Here are our garden festival four:


Sarah Baxter was born in Colchester and is the oldest of three daughters. She gained a First in Chemistry at Warwick University and a research career beckoned, before becoming impossible, when she realised she was allergic to solvents. After a spell in the Perthshire Highlands, Sarah returned to her birthplace where she discovered writing through adult education classes.  In 2013, Sarah came third in the flash fiction category of The Bridport Prize. Sarah is currently working on her first novel. Her memoir The Girl I Left Behind is included in the anthology.

Dani Redd grew up in the South West of England, studied English Literature at Queen Mary's University,  and is currently a student on the MA Creative Writing Course at Norwich’s UEA. Dani has been shortlisted and placed in several short fiction competitions and most recently was longlisted for The Lightship Short Story Prize. She is currently working on her first novel, which is set on a fictional island within the arctic circle. Dani won Words And Women’s first writing competition with her wonderful short story My Sister’s Haircut.

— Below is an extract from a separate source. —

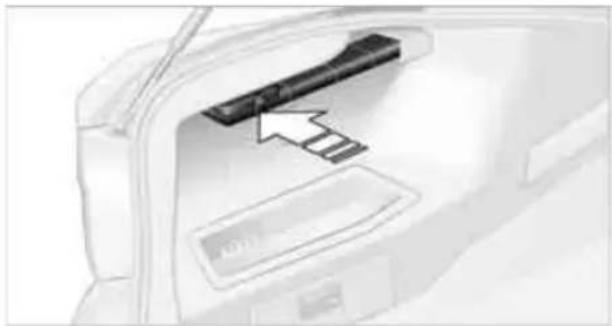 Close-up of a door handle with an arrow pointing to a component (no visible text or symbols)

Elizabeth Reed is currently working on her first novel, an historical thriller set in 6th Century BC Delphi. Her previous writing has included educational and marketing materials, news articles, pop songs and - since attending two creative writing courses in the past year - short fiction. What seems like a long, long time ago she received a first class BA degree in English and Drama from Loughborough University and then studied for an MA in English and American Literature and Film in New York. After 20 years of living in London she returned to Norwich where she was born and raised and now divides her time between there and Gran Canaria where she occasionally works as a singer. Her slice of creative non-fiction This Picture Will Be Hidden is included in the anthology.

Bethany Settle has an MA in Creative Writing: Prose from the University of East Anglia. She remained in Norwich, where she works at a library. Reading, writing and nature are her top three best things. She is writer-in-residence at the Rumsey Wells pub in Norwich, and is currently writing a novel that explores grief and loss. Her story Pendulum is published in the anthology.